El caso Wikileaks sigue dando coletazos en los juzgados estadounidenses. Esta vez se ha convertido en un debate sobre la libertad de prensa. El departamento de justicia de EEUU desveló 17 nuevos cargos contra Julian Assange, fundador de la plataforma Wikileaks, por vulnerar la ley de Espionaje tras la masiva difusión de documentos militares y diplomáticos en 2010.

Assange, que fue detenido en la embajada de Londres en el mes de abril después de que Ecuador le retirase la protección de su Embajada, estaba acusado hasta ahora por conspiración por el pirateo de un ordenador del pentágono en 2010.

La historia de este gran escándalo se remonta a la filtración que se produjo hace nueve años.

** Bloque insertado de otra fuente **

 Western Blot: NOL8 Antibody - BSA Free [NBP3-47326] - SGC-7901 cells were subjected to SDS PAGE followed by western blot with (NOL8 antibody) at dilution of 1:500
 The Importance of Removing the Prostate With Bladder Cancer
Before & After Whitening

La analista de inteligencia Chelsea Manning -entonces Bradley Manning-, pasó a Wikileaks una cantidad de cables clasificados que había estado robando y que se publicaron en medios como The New York Times o The Guardian.

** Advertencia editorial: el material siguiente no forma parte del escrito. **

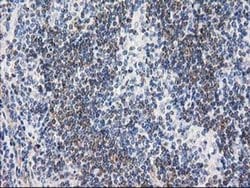 RTN4IP1 Monoclonal Antibody (OTI3B2), TrueMAB , OriGene 30 &mu;L; Unconjugated:Antibodies,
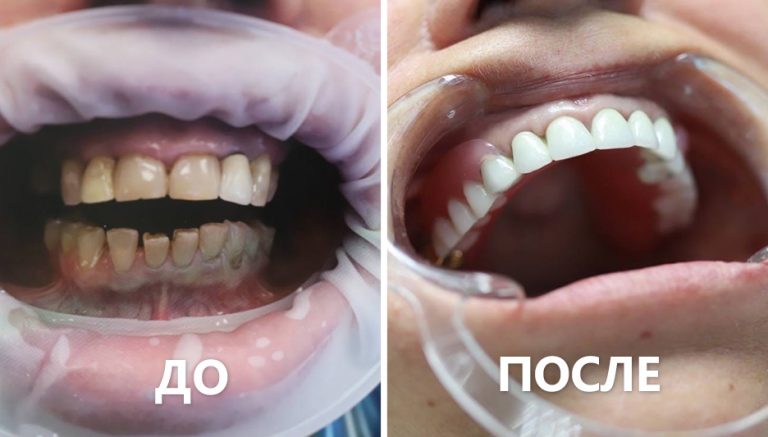 металлокерамика зубы фото до и после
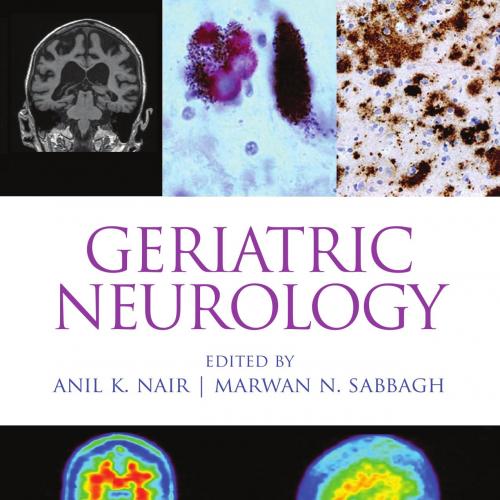 Geriatric Neurology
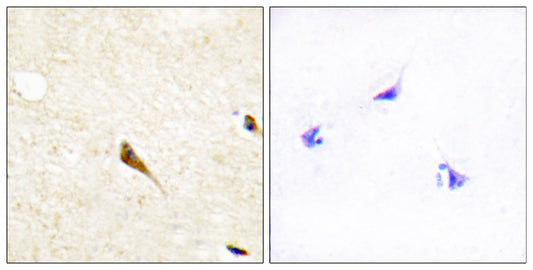 RAGE Rabbit Polyclonal Antibody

Desde el año 2012, Julian Assange vivía refugiado en la Embajada de Ecuador en Londres para evitar responder ante la justicia de Suecia por las acusaciones de supuesta violación presentadas por dos mujeres y también para poder evitar una posible extradición a EEUU. El pasado mes de abril, Ecuador retiró la protección al australiano y fue detenido por Scotland Yard bajo la petición de extradición de EEUU que en marzo de 2018 ya le había imputado por el presunto delito de seguridad informática.

Sin embargo, ahora el objetivo de la justicia estadounidense es que Julian Assange rinda cuentas por pirateo de información además de por la difusión de información clasificada, por presunta vulneración de la Ley de Espionaje de 1971. Frente a ella, la protección de los periodistas quedó reafirmada por la Primera Enmienda de la Constitución ya que la justicia estableció que se debía condenar la filtración de material clasificado, pero no su publicación (al demostrarse que era de interés público).

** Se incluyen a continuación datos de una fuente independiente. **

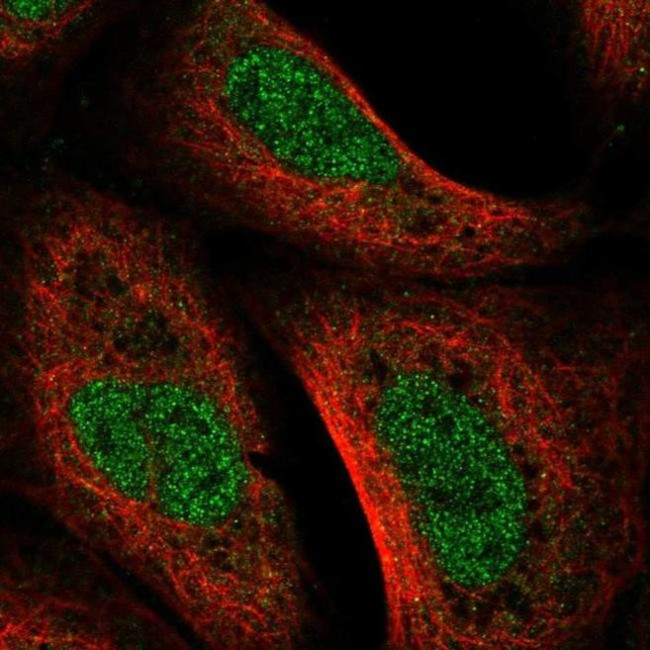 KIAA1530 Antibody in Immunocytochemistry (ICC/IF)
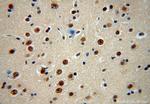 CPSF2 Antibody in Immunohistochemistry (Paraffin) (IHC (P))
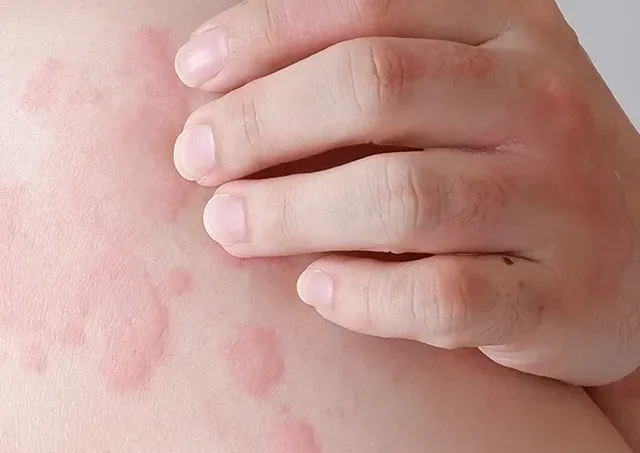 2607504 e1752453256356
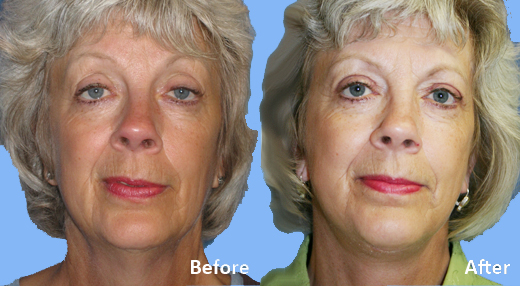 Neck Lift before and after photo by Midwest Facial Plastic Surgery in Minnesota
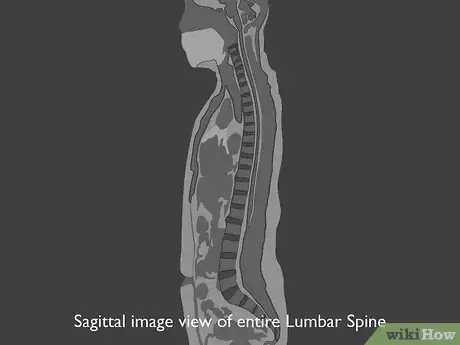 Image titled Read a Lumbar MRI Step 03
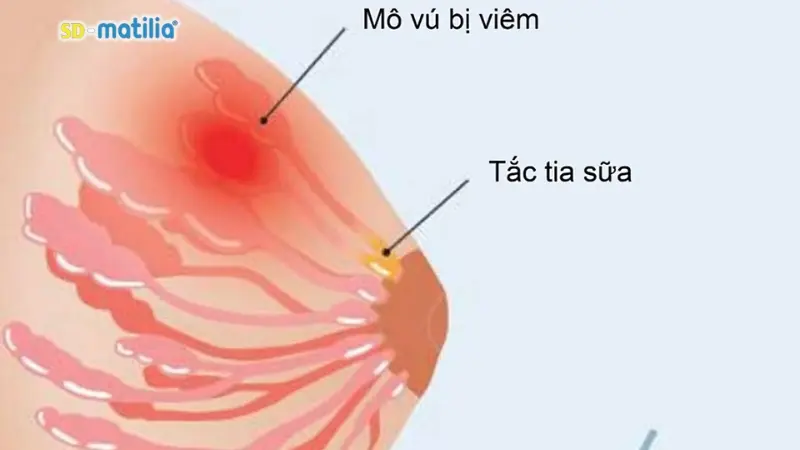 Sưng vú, tắc tuyến sữa sau sinh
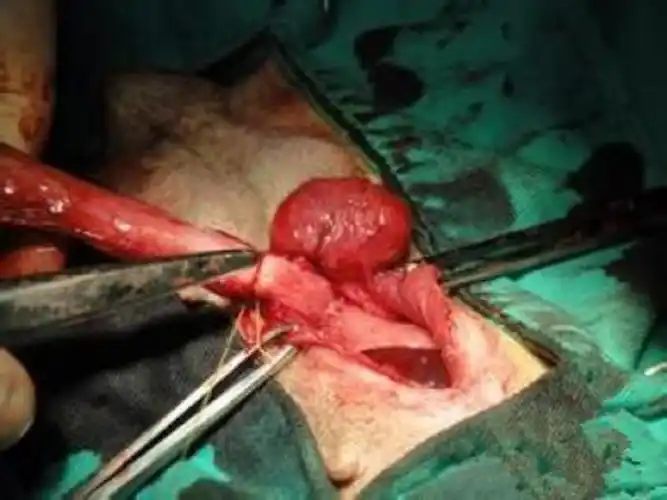 子宫脱垂怎样手术图片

¿Se puede considerar a Assange periodista?

El futuro de Julian Assange entonces pasa por la consideración que se le tenga, ya que si pese a no ser periodista, se le considera de esta manera, es posible que pueda tener otro tipo de defensa en la que se acoja a la libertad de prensa. El nuevo documento de acusación presentado por el gran jurado, agrega que a finales de 2009, Assange y Wikileaks solicitaron activamente información clasificada estadounidense. Manning «respondió a sus solicitudes usando el acceso que se le dio como analista de inteligencia», entregando unos 90.000 informes relacionados con la Guerra de Afganistán, 800 evaluaciones de detenidos en Guantánamo o 250.000 cables del Departamento de Estado. Aquel material incluía desde abusos a soldados estadounidenses en las Guerras de Afganistán e Irak, a lo que los diplomáticos investigaban de los líderes internacionales: la salud mental de Cristina Fernández de Kirchner o la vida de Gadafi y su particular guardia femenina.

Manning, que en libertad estuvo redirigiendo su vida hacia la política y el activismo, fue encarcelada el pasado 16 de mayo por negarse a declarar ante un jurado que estaba investigando a Wikileaks.